### Supplied material
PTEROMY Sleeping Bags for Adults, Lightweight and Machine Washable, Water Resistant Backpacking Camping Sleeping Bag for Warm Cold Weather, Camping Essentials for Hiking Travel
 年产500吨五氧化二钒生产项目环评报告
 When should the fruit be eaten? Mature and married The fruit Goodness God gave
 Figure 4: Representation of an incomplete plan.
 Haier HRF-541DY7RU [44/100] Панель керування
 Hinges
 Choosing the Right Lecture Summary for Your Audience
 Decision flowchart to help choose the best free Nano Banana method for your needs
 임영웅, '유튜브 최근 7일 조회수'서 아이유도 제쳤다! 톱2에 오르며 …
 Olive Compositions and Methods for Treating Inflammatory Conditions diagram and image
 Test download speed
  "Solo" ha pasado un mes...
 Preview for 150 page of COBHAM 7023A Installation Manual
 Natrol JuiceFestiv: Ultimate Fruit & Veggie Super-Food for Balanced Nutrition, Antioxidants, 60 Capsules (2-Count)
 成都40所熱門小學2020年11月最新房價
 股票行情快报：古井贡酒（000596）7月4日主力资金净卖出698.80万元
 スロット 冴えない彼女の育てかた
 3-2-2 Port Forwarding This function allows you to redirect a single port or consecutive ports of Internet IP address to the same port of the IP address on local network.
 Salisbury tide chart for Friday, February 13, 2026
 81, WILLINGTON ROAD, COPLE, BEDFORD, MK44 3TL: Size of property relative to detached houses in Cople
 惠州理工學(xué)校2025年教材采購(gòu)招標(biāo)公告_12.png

### Aim of the task
Considering only the material above, set down every line from the one with "pasado un mes..." to the one with "81, WILLINGTON ROAD, COPLE, BEDFORD, MK44", inclusive, exactly as written.

### Solution to the problem
  "Solo" ha pasado un mes...
 Preview for 150 page of COBHAM 7023A Installation Manual
 Natrol JuiceFestiv: Ultimate Fruit & Veggie Super-Food for Balanced Nutrition, Antioxidants, 60 Capsules (2-Count)
 成都40所熱門小學2020年11月最新房價
 股票行情快报：古井贡酒（000596）7月4日主力资金净卖出698.80万元
 スロット 冴えない彼女の育てかた
 3-2-2 Port Forwarding This function allows you to redirect a single port or consecutive ports of Internet IP address to the same port of the IP address on local network.
 Salisbury tide chart for Friday, February 13, 2026
 81, WILLINGTON ROAD, COPLE, BEDFORD, MK44 3TL: Size of property relative to detached houses in Cople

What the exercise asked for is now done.